WORK ORDER:
A line below contains "Spiderman Miles Morales", and a later one contains "guess denim puffer jacket". Repeat both, with every line between them, exactly.

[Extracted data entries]
++++++++++++++++++++
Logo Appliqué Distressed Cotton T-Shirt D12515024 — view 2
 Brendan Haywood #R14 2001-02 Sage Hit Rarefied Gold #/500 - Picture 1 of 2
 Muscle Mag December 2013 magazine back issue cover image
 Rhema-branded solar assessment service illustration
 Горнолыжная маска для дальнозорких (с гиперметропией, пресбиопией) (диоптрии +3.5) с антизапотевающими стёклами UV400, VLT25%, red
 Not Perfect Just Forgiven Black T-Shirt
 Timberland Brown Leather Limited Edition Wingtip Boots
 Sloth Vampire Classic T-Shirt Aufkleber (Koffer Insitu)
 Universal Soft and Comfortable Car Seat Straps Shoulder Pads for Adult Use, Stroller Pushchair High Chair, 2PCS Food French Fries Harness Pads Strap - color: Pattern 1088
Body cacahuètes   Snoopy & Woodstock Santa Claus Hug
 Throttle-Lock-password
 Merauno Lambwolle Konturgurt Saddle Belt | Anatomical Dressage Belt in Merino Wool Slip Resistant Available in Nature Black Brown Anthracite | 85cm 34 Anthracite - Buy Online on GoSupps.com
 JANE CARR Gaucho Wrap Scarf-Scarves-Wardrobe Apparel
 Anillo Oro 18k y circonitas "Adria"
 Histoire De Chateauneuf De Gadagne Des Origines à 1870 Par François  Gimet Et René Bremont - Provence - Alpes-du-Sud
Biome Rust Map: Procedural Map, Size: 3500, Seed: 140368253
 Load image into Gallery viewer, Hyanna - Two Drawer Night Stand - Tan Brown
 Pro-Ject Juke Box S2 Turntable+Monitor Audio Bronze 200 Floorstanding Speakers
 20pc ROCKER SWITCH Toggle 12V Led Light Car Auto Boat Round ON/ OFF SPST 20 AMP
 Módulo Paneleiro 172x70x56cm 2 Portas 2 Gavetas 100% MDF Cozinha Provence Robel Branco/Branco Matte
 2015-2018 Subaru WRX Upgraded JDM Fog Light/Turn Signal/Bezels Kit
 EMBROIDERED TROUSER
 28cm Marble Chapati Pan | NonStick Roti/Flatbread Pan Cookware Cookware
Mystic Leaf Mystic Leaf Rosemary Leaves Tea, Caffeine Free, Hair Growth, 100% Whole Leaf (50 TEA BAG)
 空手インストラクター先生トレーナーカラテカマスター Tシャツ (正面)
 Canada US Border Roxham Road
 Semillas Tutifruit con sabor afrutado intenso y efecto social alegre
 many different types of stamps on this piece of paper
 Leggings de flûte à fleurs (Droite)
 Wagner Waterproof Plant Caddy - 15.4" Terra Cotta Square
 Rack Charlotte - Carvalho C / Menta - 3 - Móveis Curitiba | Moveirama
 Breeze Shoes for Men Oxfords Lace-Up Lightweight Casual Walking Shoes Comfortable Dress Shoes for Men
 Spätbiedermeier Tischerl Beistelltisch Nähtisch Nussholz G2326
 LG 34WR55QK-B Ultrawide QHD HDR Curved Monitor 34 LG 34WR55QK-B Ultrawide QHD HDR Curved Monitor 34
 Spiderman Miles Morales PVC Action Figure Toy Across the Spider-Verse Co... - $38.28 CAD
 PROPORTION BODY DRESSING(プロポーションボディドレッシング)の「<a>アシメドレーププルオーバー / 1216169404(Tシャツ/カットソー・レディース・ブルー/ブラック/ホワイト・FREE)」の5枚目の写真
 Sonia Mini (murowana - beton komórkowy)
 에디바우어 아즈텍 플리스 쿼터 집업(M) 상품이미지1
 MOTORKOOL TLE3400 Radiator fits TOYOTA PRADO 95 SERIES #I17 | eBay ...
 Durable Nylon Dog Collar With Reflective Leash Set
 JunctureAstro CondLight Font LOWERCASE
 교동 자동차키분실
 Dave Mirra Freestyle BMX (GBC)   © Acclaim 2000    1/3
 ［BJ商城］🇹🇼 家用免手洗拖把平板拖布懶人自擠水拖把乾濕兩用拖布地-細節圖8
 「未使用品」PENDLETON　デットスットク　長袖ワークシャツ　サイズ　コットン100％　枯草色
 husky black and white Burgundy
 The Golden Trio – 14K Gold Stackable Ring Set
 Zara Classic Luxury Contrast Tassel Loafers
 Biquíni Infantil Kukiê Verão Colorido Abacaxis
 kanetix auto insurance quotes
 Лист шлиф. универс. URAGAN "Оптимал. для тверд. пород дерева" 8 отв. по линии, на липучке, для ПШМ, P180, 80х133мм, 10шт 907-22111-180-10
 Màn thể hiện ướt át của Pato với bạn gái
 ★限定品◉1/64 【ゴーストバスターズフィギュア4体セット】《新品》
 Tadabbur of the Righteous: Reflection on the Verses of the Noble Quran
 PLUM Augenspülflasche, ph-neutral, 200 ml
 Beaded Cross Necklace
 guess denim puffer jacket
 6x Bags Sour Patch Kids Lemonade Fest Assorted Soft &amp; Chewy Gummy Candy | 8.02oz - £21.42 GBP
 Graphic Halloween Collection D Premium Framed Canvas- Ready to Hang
++++++++++++++++++++
RESULT FOR THIS EXERCISE:
 Spiderman Miles Morales PVC Action Figure Toy Across the Spider-Verse Co... - $38.28 CAD
 PROPORTION BODY DRESSING(プロポーションボディドレッシング)の「<a>アシメドレーププルオーバー / 1216169404(Tシャツ/カットソー・レディース・ブルー/ブラック/ホワイト・FREE)」の5枚目の写真
 Sonia Mini (murowana - beton komórkowy)
 에디바우어 아즈텍 플리스 쿼터 집업(M) 상품이미지1
 MOTORKOOL TLE3400 Radiator fits TOYOTA PRADO 95 SERIES #I17 | eBay ...
 Durable Nylon Dog Collar With Reflective Leash Set
 JunctureAstro CondLight Font LOWERCASE
 교동 자동차키분실
 Dave Mirra Freestyle BMX (GBC)   © Acclaim 2000    1/3
 ［BJ商城］🇹🇼 家用免手洗拖把平板拖布懶人自擠水拖把乾濕兩用拖布地-細節圖8
 「未使用品」PENDLETON　デットスットク　長袖ワークシャツ　サイズ　コットン100％　枯草色
 husky black and white Burgundy
 The Golden Trio – 14K Gold Stackable Ring Set
 Zara Classic Luxury Contrast Tassel Loafers
 Biquíni Infantil Kukiê Verão Colorido Abacaxis
 kanetix auto insurance quotes
 Лист шлиф. универс. URAGAN "Оптимал. для тверд. пород дерева" 8 отв. по линии, на липучке, для ПШМ, P180, 80х133мм, 10шт 907-22111-180-10
 Màn thể hiện ướt át của Pato với bạn gái
 ★限定品◉1/64 【ゴーストバスターズフィギュア4体セット】《新品》
 Tadabbur of the Righteous: Reflection on the Verses of the Noble Quran
 PLUM Augenspülflasche, ph-neutral, 200 ml
 Beaded Cross Necklace
 guess denim puffer jacket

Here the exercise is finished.